I think there's a side of me that's trying to compete with Lucas and Spielberg - I don't usually admit this publicly - because I tend to think that they only go so far, and their view of the world is rather simplistic. What I want to do is take whatever cinema is considered normal or successful at a particular time and play around with it - to use it as a way of luring audiences in.

I want brave people. Fearless ones. A good actor just goes out and leaps off the edge and develops wings on his way down, hopefully. That's the kind of people I really enjoy working with. Playing safe isn't much fun. I like danger. It's controlled danger, always, and that's why I hope I don't lure too many good actors down into the pits with me, because I hope they maintain their own unique talents.

I find Hollywood gives these pat stories, and they're reassuring stories, and I don't really want to give people that. Hollywood does all that work. I'm offering, sometimes, an alternative to that. The answers aren't black-and-white. There may not even be answers in certain instances. The ground is not necessarily solid, either. So you've got to keep awake the whole time, even after the movie is over.

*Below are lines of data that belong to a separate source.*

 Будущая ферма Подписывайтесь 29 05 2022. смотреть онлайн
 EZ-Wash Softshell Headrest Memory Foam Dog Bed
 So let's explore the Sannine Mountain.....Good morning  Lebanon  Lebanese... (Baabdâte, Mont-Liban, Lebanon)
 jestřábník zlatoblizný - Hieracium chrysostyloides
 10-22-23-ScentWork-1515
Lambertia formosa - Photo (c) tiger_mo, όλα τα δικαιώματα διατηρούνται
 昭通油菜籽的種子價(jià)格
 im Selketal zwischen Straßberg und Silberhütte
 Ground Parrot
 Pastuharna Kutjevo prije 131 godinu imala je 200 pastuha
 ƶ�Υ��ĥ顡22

[Steven Spielberg's films] are comforting, they always give you answers and I don't think they're very clever answers. The success of most Hollywood films these days is down to fact that they're comforting. They tie things up in nice little bows and give you answers, even if the answers are stupid, you go home and you don't have to think about it. The great filmmakers make you go home and think about it.

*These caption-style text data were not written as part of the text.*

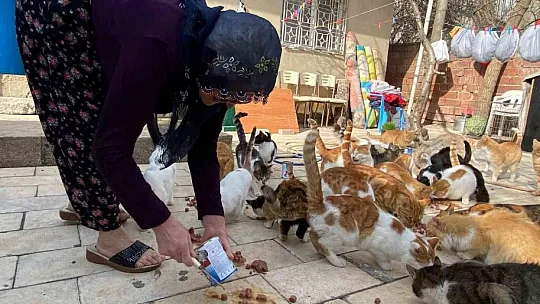 70'e yakın kediye çocuğu gibi bakıyor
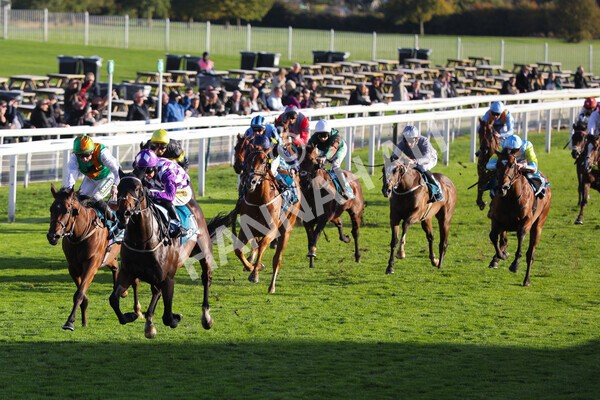 yr07102022r6-19 - Race 6 5.00pm William Hill Lengthen Your Odds EBF Novice Stakes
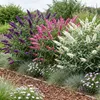 Schmetterlingsstrauch Buddleja davidii Tricolor 3er Set Produktbild-Vorschau 6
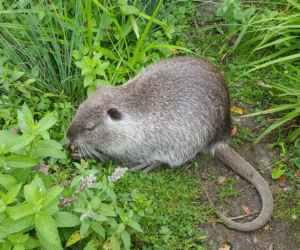 Nutrie z jaworznickiej Byczyny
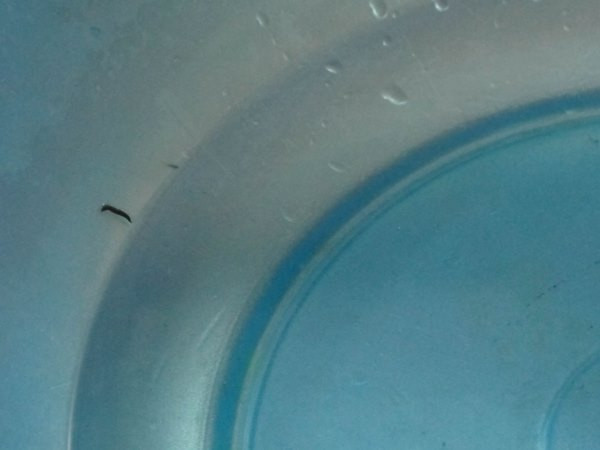 Lập đoàn kiểm tra xác định "sinh vật lạ" trong nước ở Ninh Bình ảnh 1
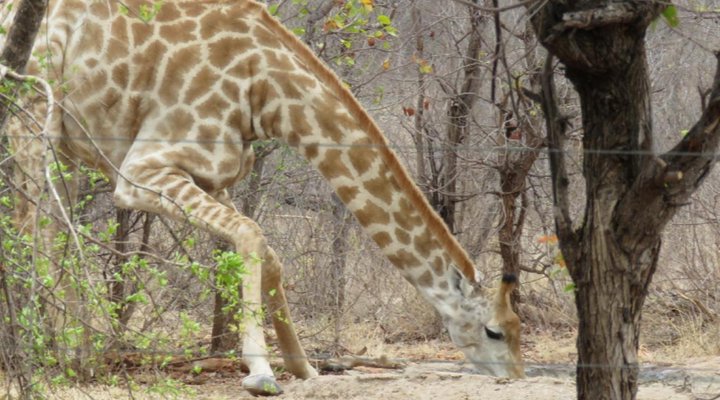 Mutsami Private Bush Lodge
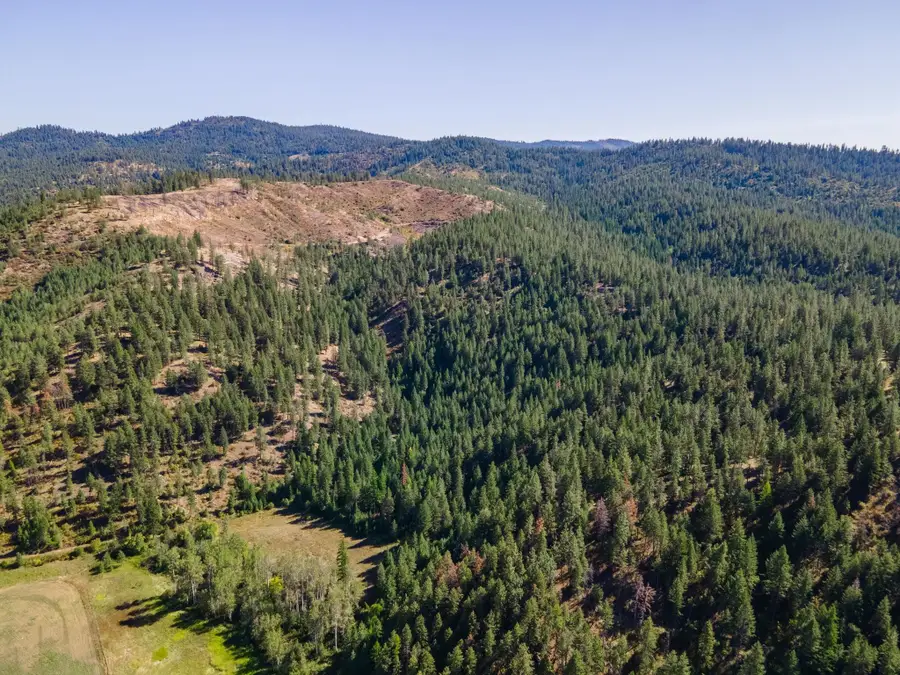 XXXX Dome Lane Way, Springdale, WA 99148 - #3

Port Talbot is a steel town, where everything is covered with gray iron ore dust. Even the beach is completely littered with dust, it's just black. The sun was setting, and it was quite beautiful. The contrast was extraordinary, I had this image of a guy sitting there on this dingy beach with a portable radio, tuning in these strange Latin escapist songs like 'Brazil.' The music transported him somehow and made his world less gray.

Well, I really want to encourage a kind of fantasy, a kind of magic. I love the term magic realism, whoever invented it – I do actually like it because it says certain things. It's about expanding how you see the world. I think we live in an age where we're just hammered, hammered to think this is what the world is. Television's saying, everything's saying 'That's the world.' And it's not the world. The world is a million possible things.

Nooo! Leave that to George Lucas, he' s really mastered the CGI acting. That scares me! I hate it! Everybody is so pleased and excited by it. Animation is animation. Animation is great. But it's when you're now taking what should be films full of people, living thinking, breathing, flawed creatures and you're controlling every moment of that, it's just death to me. It's death to cinema, I can't watch those Star Wars films, they're dead things.

What I want to do is make films that astonish people, that astound people, and I hope you want to do that too. It's easy to make money. It's easy to make films like everybody else. But to make films that explode like grenades in people's heads and leave shrapnel for the rest of their lives is a very important thing. That's what the great filmmakers did for me. I've got images from Fellini, from Bergman, from Kurowsawa, from Bunuel, all stuck in my brain.

A lot of people seem to get carried away that something that's made out of paper mâché is going to be better than not. And I always thought the original King Kong, that terrible little puppet with its hair going in all directions, was far more magical than Peter Jackson's incredibly beautifully rendered King Kong. So there's something to be said for a more primitive version of things. I think it's because it makes the audience work a little bit more, because you've got to invest it with life and reality, so I like doing that.

I think [Hollywood] has achieved everything they’ve always dreamed of. The audience now seems to be very dumb. They pay money to watch the same film. Now, you could argue, that's because it makes them feel comfortable. When they go to a movie now, it's almost like hearing a pop song. You know the rhythms, you know when the downbeat is going to come, you know when the explosion is going to come… And so as life becomes more complex, as the economy is in trouble, people cling to what makes them comfortable, so they go again and again to see the same movie.